The diffusion index of employment change also sank from 37.8 to an unprecedented low of 27.6, meaning that only 27.6 percent of employers are hiring, while the remaining 72.4 percent are cutting jobs.
Job losses were across the board, with the only major areas posting any sort of gain being education and health services (+52,000) and government (+7,000). Goods-producing industries lost a total of 163,000 jobs, and this was spread evenly between construction (−82,000) and manufacturing (−85,000). Within manufacturing, the durable goods category shed almost triple the number of jobs that nondurables shed.

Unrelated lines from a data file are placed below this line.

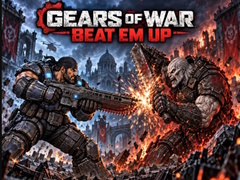 Spiel Gears of War: Beat Em Up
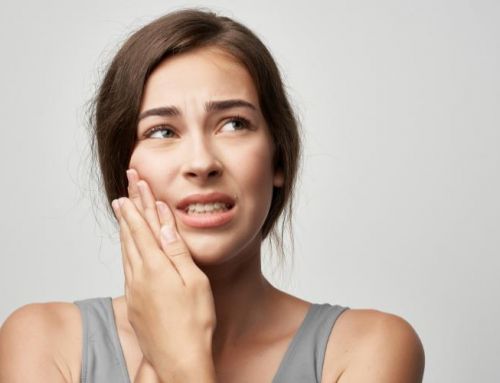 Dolor de dientes por nervios: te contamos qué hacer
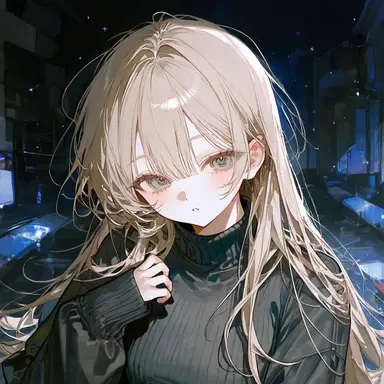 Profile image of Rion
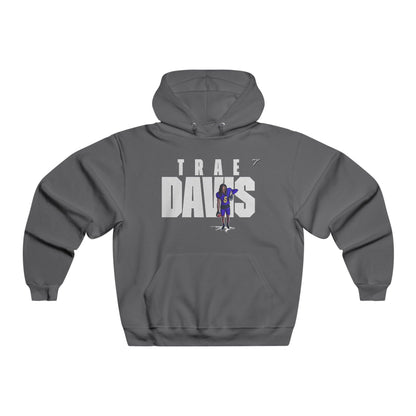Trae Davis Vintage Hoodie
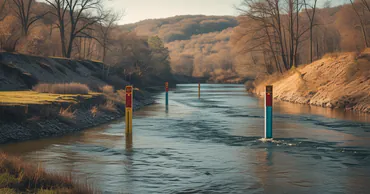 Илья Тромбицкий: Заполнение Днестровского водохранилища замедлилось из-за снижения поступления воды с Карпат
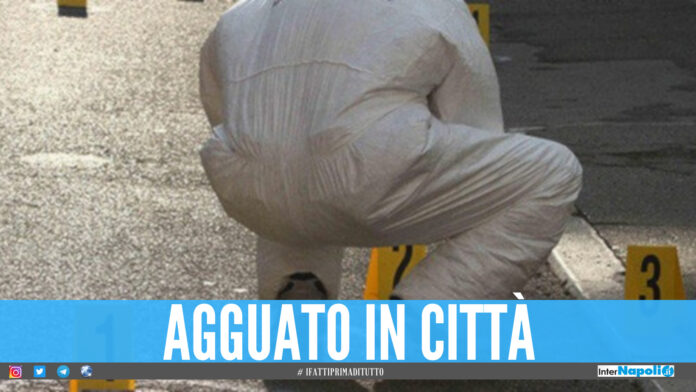 agguato napoli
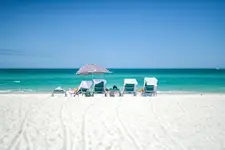 Anna Maria Beach Resort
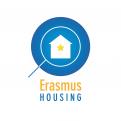 Logo & Huisstijl # 391220 voor Erasmus Housing wedstrijd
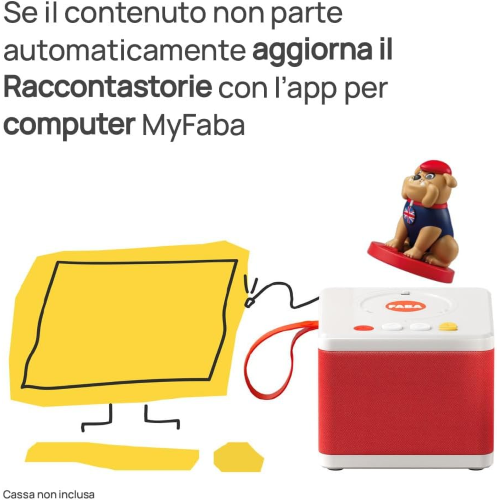 FABA - HAPPY ENGLISH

Service-providing industries dropped a massive 370,000 jobs in November, after experiencing downwardly revised losses of 286,000 and 183,000 in September and October. The only other time since the series began in 1939 that service industries lost more jobs was in August 1983. The retail trade sector lost 91,300 jobs, a large part stemming from auto dealers (−24,000). Declines in leisure and hospitality totaled 76,000, and information services lost 19,000. Professional and business services and financial activities each saw record losses (−136,000 and −32,000, respectively). Within professional and business services, the employment services sector alone lost 100,000 jobs.
Labor Market Conditions
|Average monthly change
(thousands of employees, NAICS)
|Heavy and civil engineering||4||3||−1||−7||−12|
|Temporary help services||17||1||−7||−36||−78.2|
|Education and health services||36||39||44||46||52|
|Leisure and hospitality||23||32||29||−14||−76|
|Local educational services||6||6||5||4||−4.2|
|Civilian unemployment rate||5.1||4.6||4.6||5.6||6.7|
a. Includes construction of residential buildings and residential specialty trade contractors.
b. Includes construction of nonresidential buildings and nonresidential specialty trade contractors.
c. Financial activities include the finance, insurance, and real estate sector and the rental and leasing sector.
d. PBS is professional business services (professional, scientific, and technical services, management of companies and enterprises, administrative and support, and waste management and remediation services).
Source: Bureau of Labor Statistics.
The three-month moving average of private sector employment growth dropped all the way from −295,000 to −429,000 last month. Private payrolls have seen losses in every month since December 2007, while government payrolls have declined in only one month during that same period.